(urth) Hard Science Fantasy?

Craig Brewer cnbrewer at yahoo.com
Mon Dec 1 17:54:37 PST 2008


So what counts as internal consistency in a world where, on the one hand, what initially seems like a medieval castle turns out to be an abandoned rocket ship (i.e., science trumps fantasy) but where, at the same time, a dude ends up being able to inconsistently resurrect both himself (?) and others (i.e., magic)? Isn't part of the point of New Sun the not knowing whether science or magic is in control? Wolfe specifically calls his chosen genre here "science fantasy" so that he didn't have to hold to "hard science" or outright anything goes magic. (I wish I could easily locate the interview where he says this.) He also has written stories he's specifically labeled "hard sf" and others that he's specifically called fantasy.

My real point here is that part of what initially attracted me to New Sun was the realization that the fantasy bits turned out to be "sf" at times and that the "science fiction" tropes (the alien Hieros, etc.) ended up having a magical, or at least metaphysical, edge.

(So all the real space sails talk is really cool. But is someone also going to show me a real world technological equivalent of every wonder under Urth and its sky? Or, a more pointed question is whether even the assumption that one could do this misunderstands the kind of imaginative world Wolfe created here.)

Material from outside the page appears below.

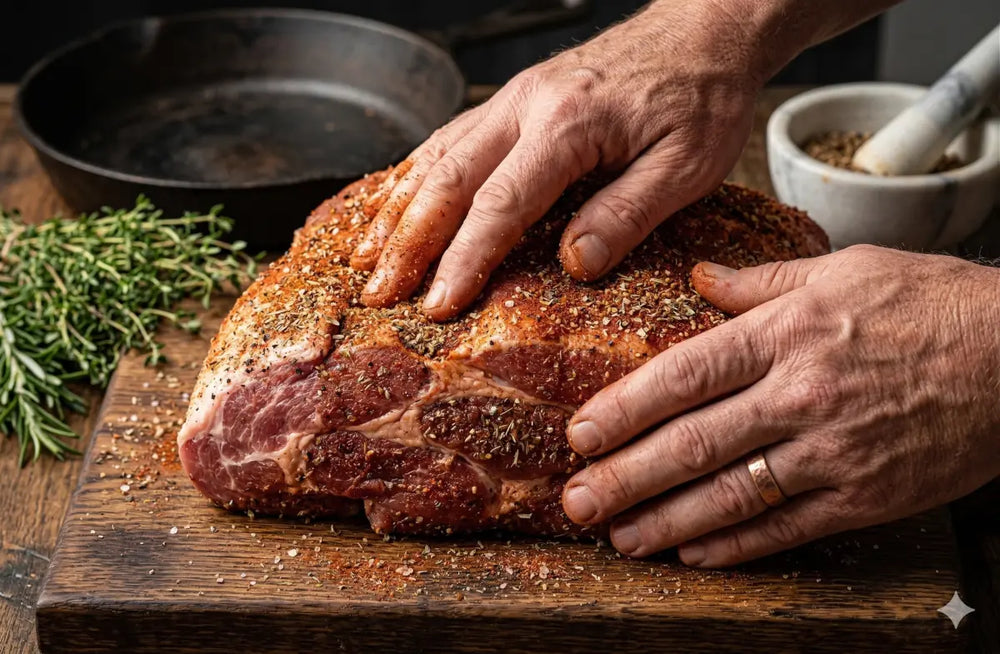 Grosses Fleischstück wird von Hand mit einem feinen Dry Rub einmassiert online kaufen bei chefkoch-gewürze Schweiz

----- Original Message ----
From: Matthew malthouse <calmeilles at gmail.com>
To: The Urth Mailing List <urth at lists.urth.net>
Sent: Monday, December 1, 2008 5:31:30 PM
Subject: Re: (urth) House Absolute

Son of Witz wrote:

> Yo, but we're talking about a book where the space ships have masts and sails.
> It need not conform to science.

But there should be internal consistency or a reason for the lack thereof.